Pemberian pupuk dasar wajib mengandalkan pupuk kandang matang sebanyak 5 hingga 10 ton per hektar yang dicampur merata saat pengolahan tanah dua minggu sebelum tanam. Selain itu, tambahkan pupuk sumber fosfor sekitar 100 kg per hektar untuk merangsang pertumbuhan akar awal dan pembentukan bintil akar yang efektif. Hindari penimbunan pupuk kimia bersentuhan langsung dengan benih agar tidak terjadi plasmolisis atau pembusukan bibit muda akibat kepekatan pupuk.

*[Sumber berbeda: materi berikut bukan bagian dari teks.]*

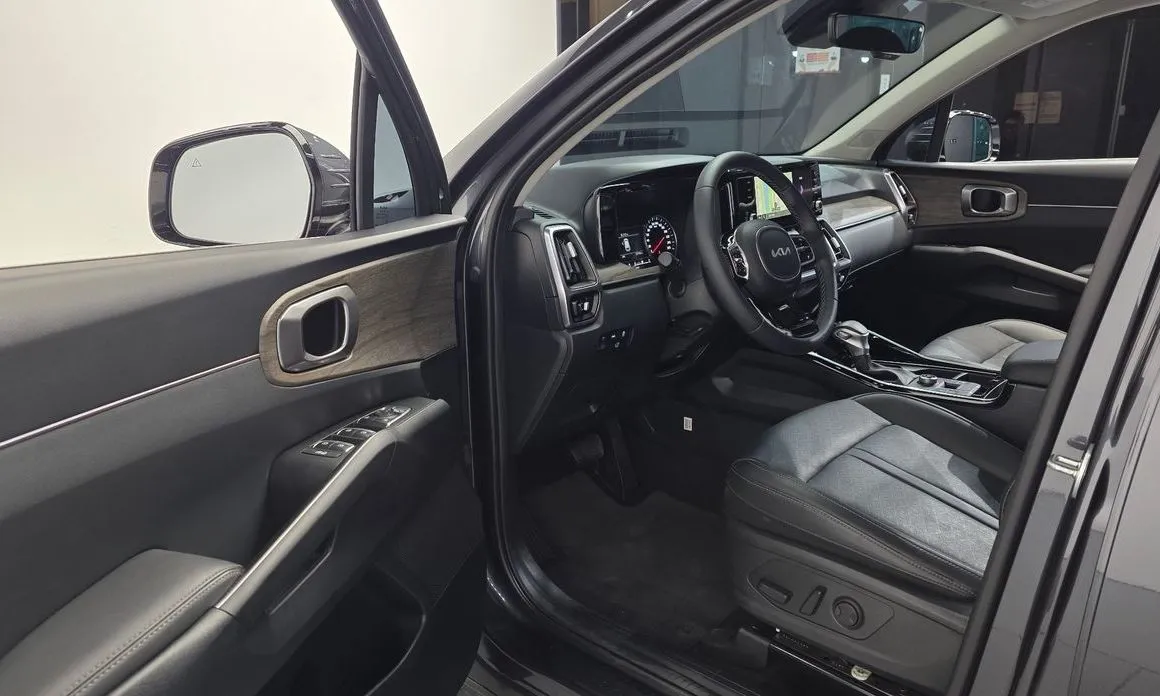 Kia Sorento — фото 7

Pemupukan susulan diberikan pada umur 15 hingga 20 hari setelah tanam saat fase vegetative aktif, menggunakan tambahan pupuk nitrogen dosis rendah dan kalium untuk memperkuat batang tanaman. Pengaplikasian pupuk susulan ini harus dibarengi dengan penyiangan gulma agar nutrisi tidak direbut tanaman pengganggu serta dilakukan saat tanah dalam kondisi lembab setelah hujan atau penyiraman. Pemupukan susulan kedua dapat diberikan saat tanaman mulai berbunga pada umur 30 hingga 35 hari untuk mengoptimalkan pembentukan dan pengisian polong.
Pemantauan kondisi daun dan vigor tanaman secara berkala sangat penting untuk mendeteksi defisiensi hara secara dini di lapangan. Jika daun menunjukkan gejala menguning tidak wajar, segera lakukan evaluasi drainase dan pertimbangkan pemberian tambahan unsur hara mikro melalui daun sesuai anjuran setempat. Selalu patuhi petunjuk pada kemasan produk jika menggunakan pupuk buatan pabrik dan konsultasikan dengan petugas BPP di wilayah Anda untuk rekomendasi spesifik lokasi.